Deux articles évoquent l’un des derniers négriers célèbres : Théodore Canot connu grâce au livre qu’il publie Vingt ans de la vie d’un négrier en 1854. Y sont décrits les conditions de la traite dans les années 1820-1830, les lieux de ce commerce illégal en ce début du XIXè. siècle et les protagonistes parfois hauts en couleurs. Les articles tentent aussi de reconstituer la vie réelle de cet aventurier.
Un autre personnage, bien différent, a retenu l’attention de l’auteur: Léopold Panet, métis de Gorée, une vie entre commerce et exploration Traversée du Sahara de st louis au Maroc . Voilà une approche de ce qu’étaient les axillaires africains des explorateurs européens.
A la suite des travaux des géographes comme Jean Dresch ou Guy Lasserre, Roger Pasquier s’intéresse aux villes du Sénégal. Il cherche à retracer l’histoire de l’urbanisation. Liés au commerce et aux possibilités de défense les premiers comptoirs datent du XVIIè siècle (Saint Louis et Gorée) avec très tôt des fonctions politiques, administratives et militaires. Devant les limites des sites de ces deux villes, les nécessités maritimes entraînent la création, à partir de son port, de Dakar et presque en même temps de Rufisque. Les Quatre Communes sont nées, la description de leur population, de leur aménagement dans l’espace et de leurs différences éclairent sur les devenir divers en fonction aussi des rôles de l’État, des maisons de commerce et du chemin de fer. La victoire de Dakar devenue capitale a été lente à construire.
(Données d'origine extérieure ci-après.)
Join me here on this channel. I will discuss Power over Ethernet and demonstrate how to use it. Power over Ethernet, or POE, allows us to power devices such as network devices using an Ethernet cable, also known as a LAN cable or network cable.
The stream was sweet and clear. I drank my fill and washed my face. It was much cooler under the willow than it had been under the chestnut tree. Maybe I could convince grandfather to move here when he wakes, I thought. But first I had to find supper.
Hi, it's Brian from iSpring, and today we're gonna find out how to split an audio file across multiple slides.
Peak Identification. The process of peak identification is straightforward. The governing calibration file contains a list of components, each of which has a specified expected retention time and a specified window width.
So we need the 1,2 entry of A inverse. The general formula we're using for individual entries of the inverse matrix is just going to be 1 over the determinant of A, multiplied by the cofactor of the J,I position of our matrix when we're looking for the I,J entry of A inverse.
En complément de cette étude urbaine l’article sur les questions de ravitaillement met l’accent sur l’insécurité des approvisionnements en provenance de zones rurales mal contrôlées où la culture de rente (arachide) concurrence la production de mil. Faidherbe pense écarter les troubles frumentaires en fixant les prix et en important du riz asiatique. L’article cherche aussi à mesurer les conséquences sociales des fluctuations du prix des denrées de base pour les couches populaires.
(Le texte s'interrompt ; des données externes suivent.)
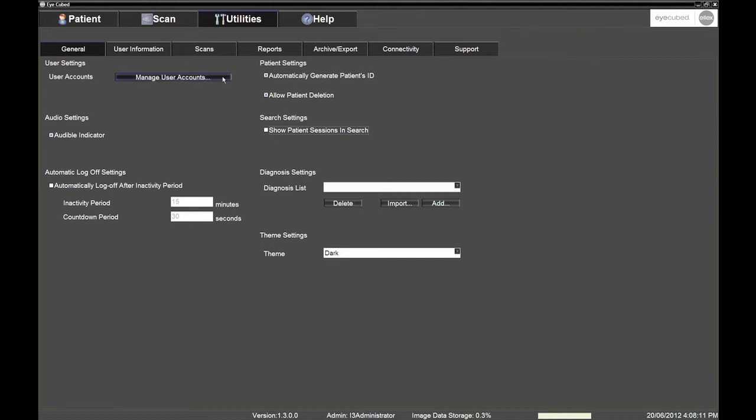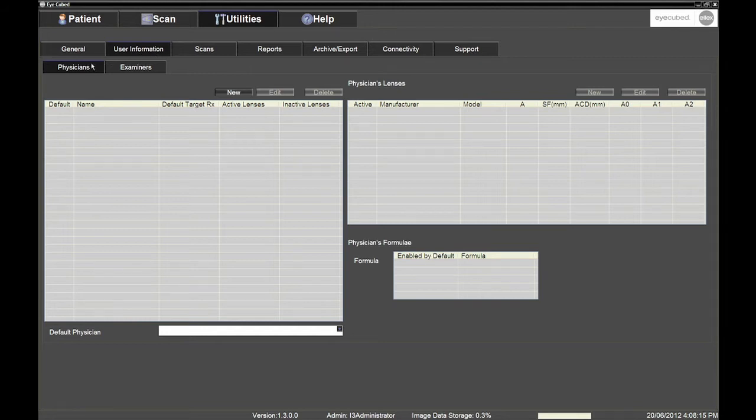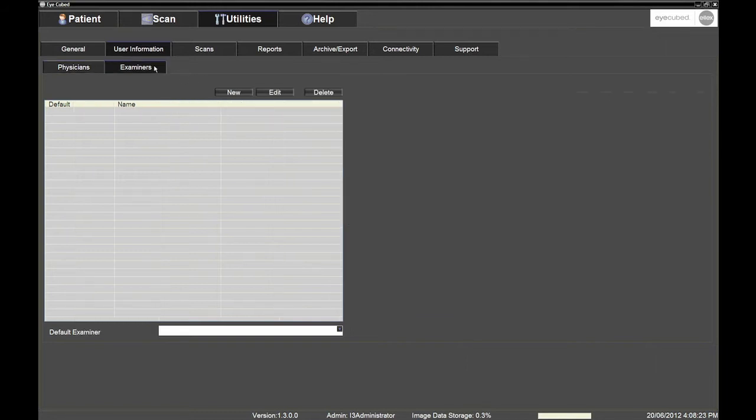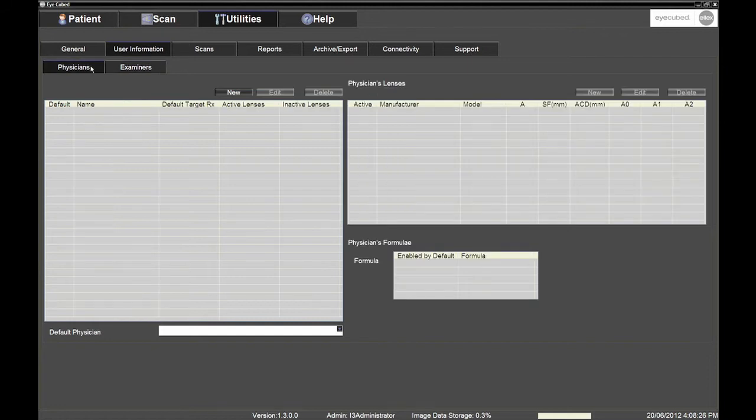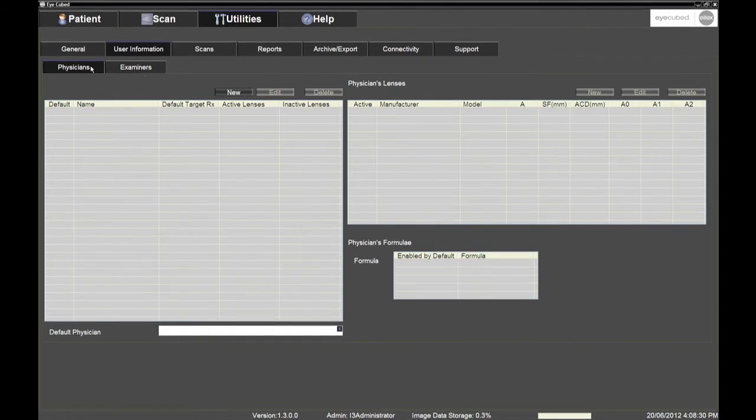Move to the User Information sub-tab in order to enter the Physician and Examiner related information. The Physician will be linked to the IOL files whilst the examiner will be the doctor or the technician performing the actual examination. For the Physician section, we recommend entering one single name, ideally the name of the clinic or of the hospital, to which all IOL files will be linked. This will avoid the need to re-enter the IOL data several times.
Autre source de connaissance de la société les rôles d’imposition et en particulier la capitation mise en place en 1861. Cette nouveauté suivie sur une dizaine d’années permet l’étude de ses modalités, son poids financier, les difficultés à la percevoir et les réactions des populations. Se pose aussi la question de son extension territoriale au-delà des villes, de la capacité de l’administration à établir le recensement des contribuables mais aussi des modalités de perception dans un pays encore faiblement monétarisé. Les catastrophes naturelles et les épidémies (1867-1869) aggravent les refus et conduisent à la révolte de Lat-Dior. Dix ans après sa création l’impôt est supprimé.
Pour l’auteur la crise de 1737-1738 montre que malgré le développement économique les institutions sont inadaptées. Les notables de St Louis demandent une véritable représentation auprès du gouverneur. La contestation des « habitants », métis et traitants, a pour leader François Valentin, membre du conseil privé qui incarne la confrontation sociale et raciale avec les Européens.
Une vraie vie politique à la colonie s’est développée à partir de 1880 avec l’essor de la presse. Bien qu’éphémères ces journaux apportent beaucoup d’informations sur l’économie, les relations avec les pays voisins, les réalités sociales et politiques. Mais il faut attendre les élections de 1914 pour que la presse s’enracine véritablement dans la colonie.
Les deux derniers textes sont consacrés à la période de la décolonisation. C’est d’abord le rôle de la JOC Jeunesse Ouvrière Chrétienne dans la formation d’une élite en AOF puis le syndicalisme avec l’exemple de la CFDT.